INSTRUCTIONS FOR THE TASK: Your copy should match the listing word for word, apart from the pictures, which are left out.

[DATA SHOWN]

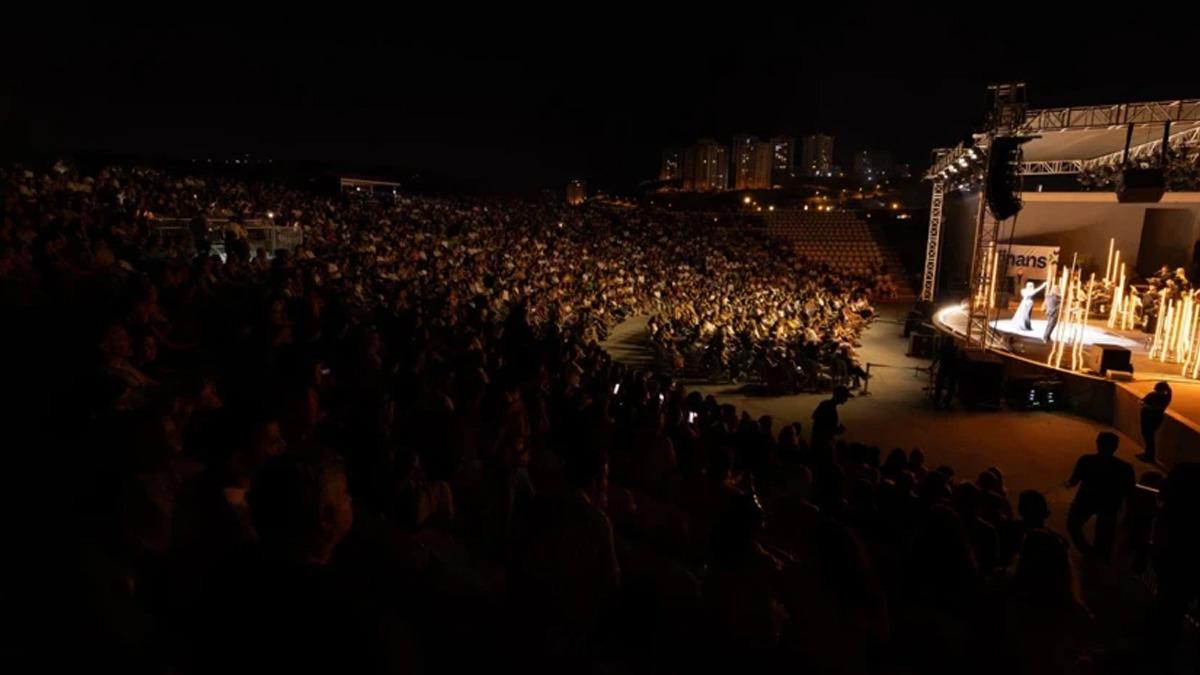 Ebru Yaşar'dan Dev Kadroyla Senfonik Konser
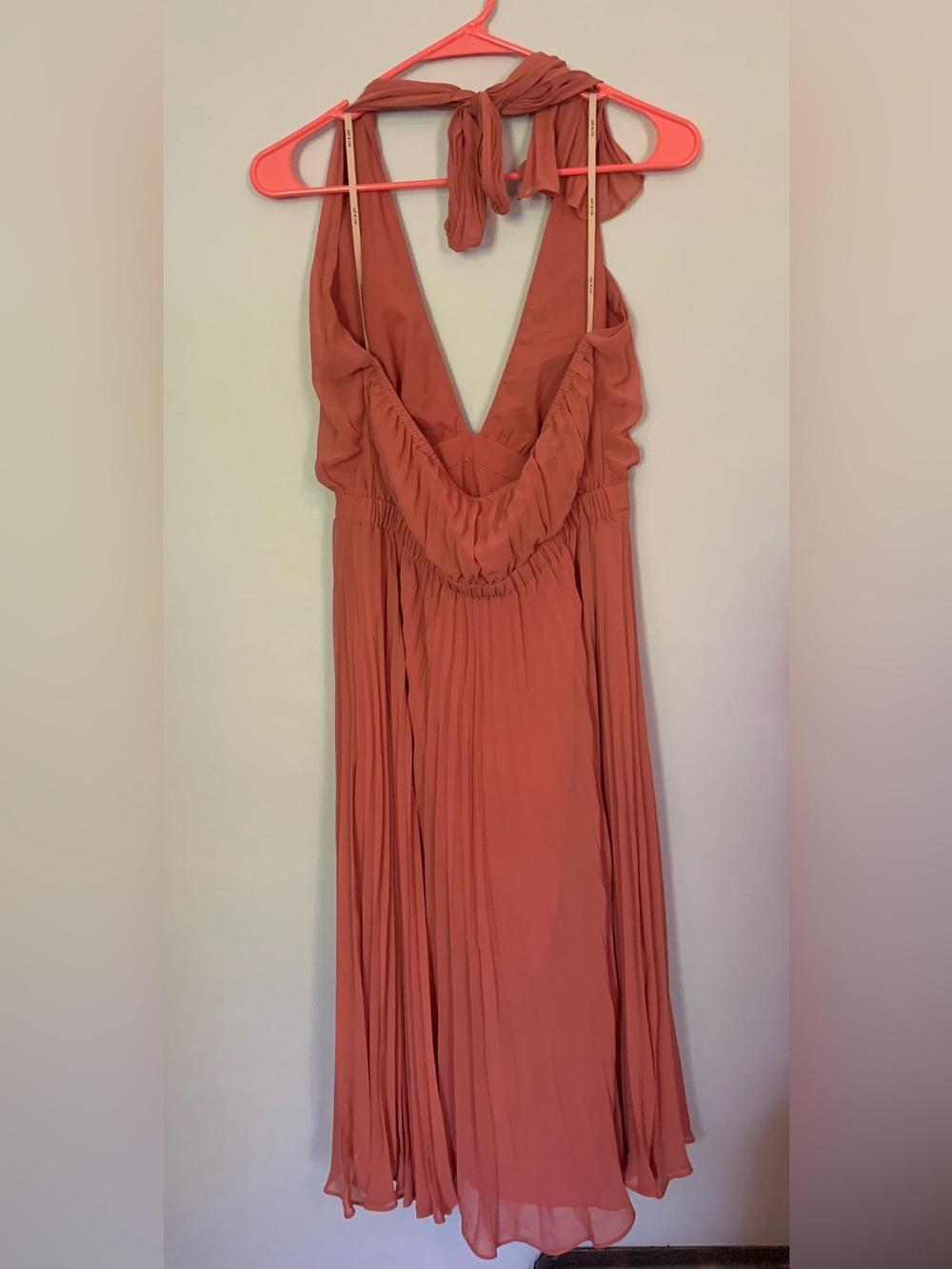 Ali Jay Soho House Midi Pleated Halter Neck Dress Earth Orange Size Medium - Picture 3 of 6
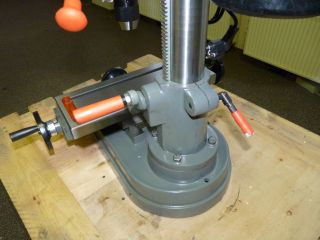 Fräsmaschine Säulenbohrmaschine MK2 (max.)40mm   Kreuztisch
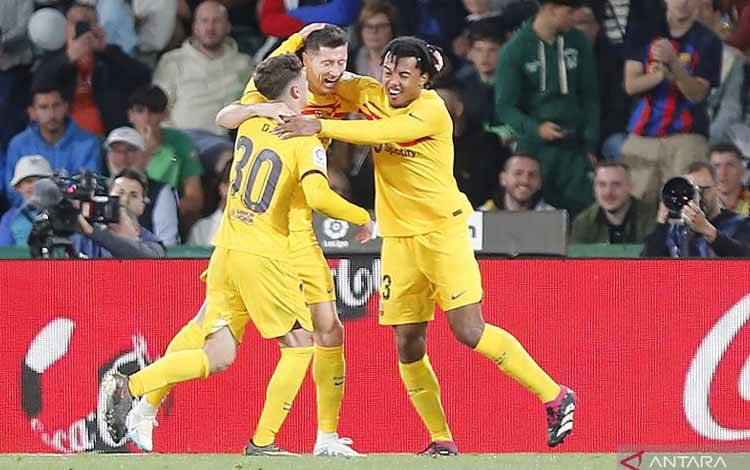Lewandowski Cetak Brace, Barcelona Hajar Elche Empat Gol Tanpa Balas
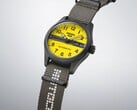 Close-up do Seiko 5 Sports Field x Honda Motocompo Edição Limitada, destacando o mostrador amarelo, o logotipo da Honda e a coroa gravada.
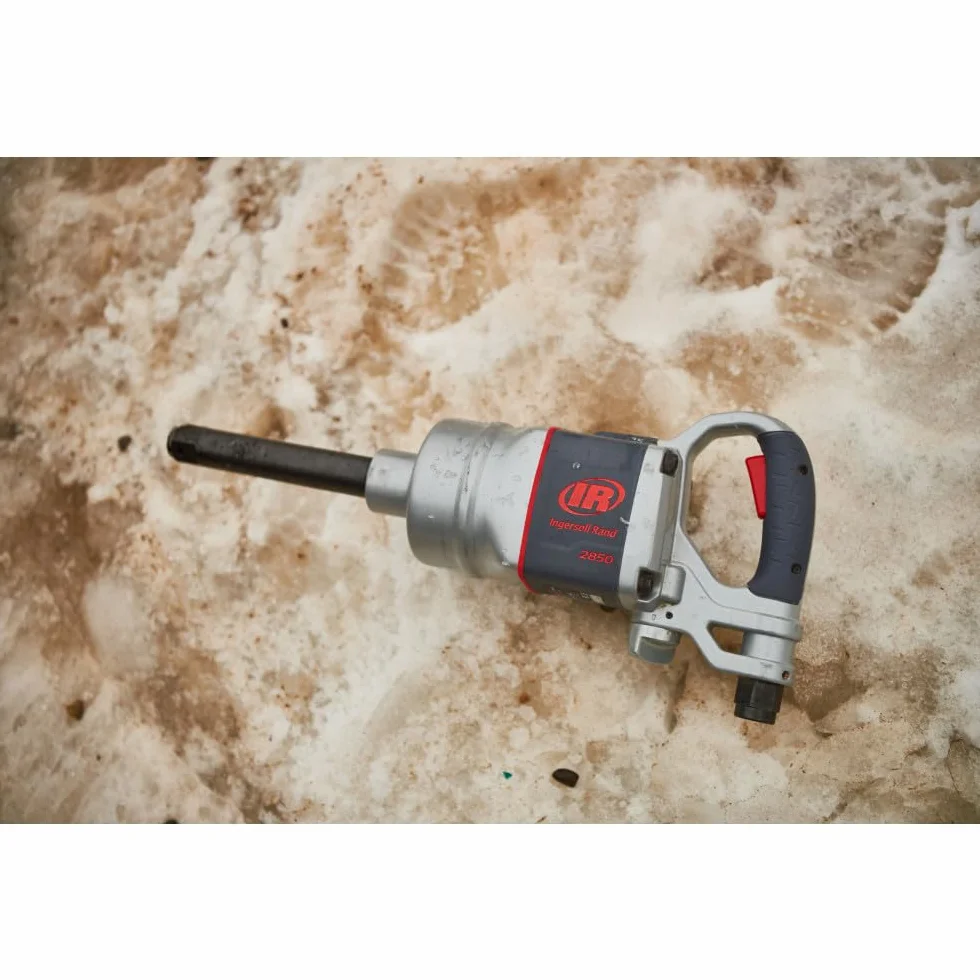 Ingersoll Rand 2850MAX-6 Pneumatyczny Klucz Udarowy, 1 Cal, Przedłużone Kowadło, 6 Calowe Przedłużenie, Lekka Konstrukcja, 2847 Nm Momentu Obrotowego i 5500 RPM, Regulowany Uchwyt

[/DATA SHOWN]

RESPONSE TO THE TASK:
 Ebru Yaşar'dan Dev Kadroyla Senfonik Konser
 Ali Jay Soho House Midi Pleated Halter Neck Dress Earth Orange Size Medium - Picture 3 of 6
 Fräsmaschine Säulenbohrmaschine MK2 (max.)40mm   Kreuztisch
Lewandowski Cetak Brace, Barcelona Hajar Elche Empat Gol Tanpa Balas
 Close-up do Seiko 5 Sports Field x Honda Motocompo Edição Limitada, destacando o mostrador amarelo, o logotipo da Honda e a coroa gravada.
 Ingersoll Rand 2850MAX-6 Pneumatyczny Klucz Udarowy, 1 Cal, Przedłużone Kowadło, 6 Calowe Przedłużenie, Lekka Konstrukcja, 2847 Nm Momentu Obrotowego i 5500 RPM, Regulowany Uchwyt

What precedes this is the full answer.